An image actually doesn't have a size. It's just pixels, in your case 1500 x 750 pixels. That's it. That's the size of the image.
Physical measurements are a function of the pixels per inch (ppi) number assigned to the file. Ppi is a way to translate from pixels to physical size, whenever that is needed, and it means exactly what it says. It's needed for print, and calculating font sizes, and a few other things. It is not needed for screen viewing, where the screen pixel density overrides it.
So Export strips the ppi number from the file. It's not needed. The exported file doesn't have a ppi number, and no size. The screen size is determined by whatever screen you're viewing on.
Most applications will assign a default ppi number if there isn't one in the file metadata. Photoshop assigns 72, Microsoft applications will assign 96. So any output size varies with that. And if the file was originally, say, 300, then you get a huge difference in size.

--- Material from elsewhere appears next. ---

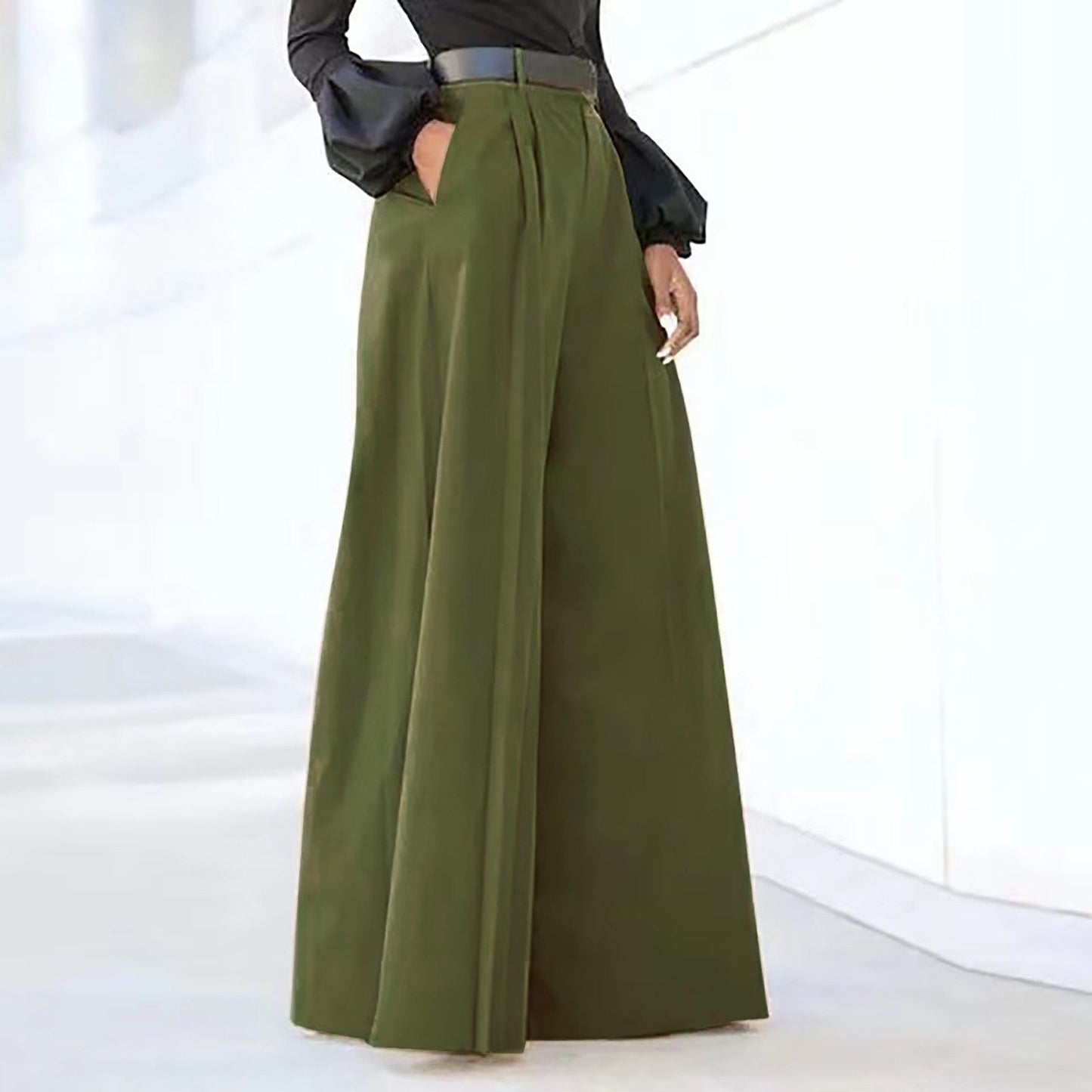 Amélie - Eleganckie szerokie plisowane spodnie damskie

Now, about the jpeg quality level in Export. The highest is 7, but it's important to know that this is still destructive compression that will degrade the file. There is no such thing as "maximum" quality with jpeg. So with that in mind, it makes much more sense to go down to 5 or 6, which will vastly reduce file size with very little direct visual impact. It will be there, but chances are you can't see any difference between 5 and 7. But the file size will be, say, half or less, so they load that much faster.
The whole justification for using jpeg in the first place, is to reduce file size and load times. So you may as well maximize the payoff. Export gives you live preview so you can find the optimal breakpoint.